- Using AWS resource for EMR on EKS (i.e. EMR Containers), I provide grounded, applicable examples (and explanations) for using this specific service.
Although this service is still somewhat new and not as widely used as the traditional EMR service, it is a powerful tool for those who are already using EKS and want to run Spark jobs on their EKS cluster. At this points, you can find other examples online but most don't provide a start-to-finish guide on not only how to use this service but build it from nothing (infastructure and policy included).
Before trying to do anything related to this project (other than reading this file), you shoud have the following installed on your local machine:
1] AWS CLI (with valid credentials and a specific profile name in-mind as needed)
2] Terraform (this project was developed and run entirely on this version: v0.14.7
).
3] If you have an issue with #2, try leveraging the tfenv
tool to manage multiple versions of Terraform.

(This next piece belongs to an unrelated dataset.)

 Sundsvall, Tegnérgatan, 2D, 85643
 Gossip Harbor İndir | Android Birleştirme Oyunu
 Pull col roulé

4] PowerShell (to run various scripts in this project), the version that was used start-to-finish was this: 5.1.22621.2506
5] Docker (this setup will vary depending on your OS and if you're working solo vs. associated with a company that will leverage this technology and thereby require the absurd liscensing component). As for my machine and setup, I'm on Windows 11 and working solo, so my entire Docker configuration is this:
Client:
Cloud integration: v1.0.35+desktop.11
Version: 25.0.3
API version: 1.44
Go version: go1.21.6
Git commit: 4debf41
Built: Tue Feb 6 21:13:02 2024
OS/Arch: windows/amd64
Context: default
Server: Docker Desktop 4.28.0 (139021)
Engine:
Version: 25.0.3
API version: 1.44 (minimum version 1.24)
Go version: go1.21.6
Git commit: f417435
Built: Tue Feb 6 21:14:25 2024
OS/Arch: linux/amd64
Experimental: false
containerd:
Version: 1.6.28
GitCommit: ae07eda36dd25f8a1b98dfbf587313b99c0190bb
runc:
Version: 1.1.12
GitCommit: v1.1.12-0-g51d5e94
docker-init:
Version: 0.19.0
GitCommit: de40ad0
6] eksctl (I install this with choco on my Windows machine) with version 0.179.0
.
- By successfully deploying and using the resources provisioned here, you will incur costs. This is especially true if you're using the AWS resources in a production environment. Please be aware of this and plan accordingly. That being said, the default setup for this project is configured in such a
way as to make the costs minimal (i.e. the cheapest option for an EKS cluster is about ~75 USD/month). If you're not using the resources, please remember to destroy them to avoid unnecessary costs (i.e. the
terraform destroy
command).
- Using the
main
branch of this repository, you can follow the steps below to setup the necessary resources for EMR on EKS.
1] Run terraform init
from the root directory of this project.
2] Run terraform apply
and confirm the changes to be made (this will only work if you have the necessary permissions and setup on your local machine for an AWS profile as well as AWS CLI configuration, Docker, and Powershell). All these specifics are listed above at this sections: "Assumptions of local machine setup".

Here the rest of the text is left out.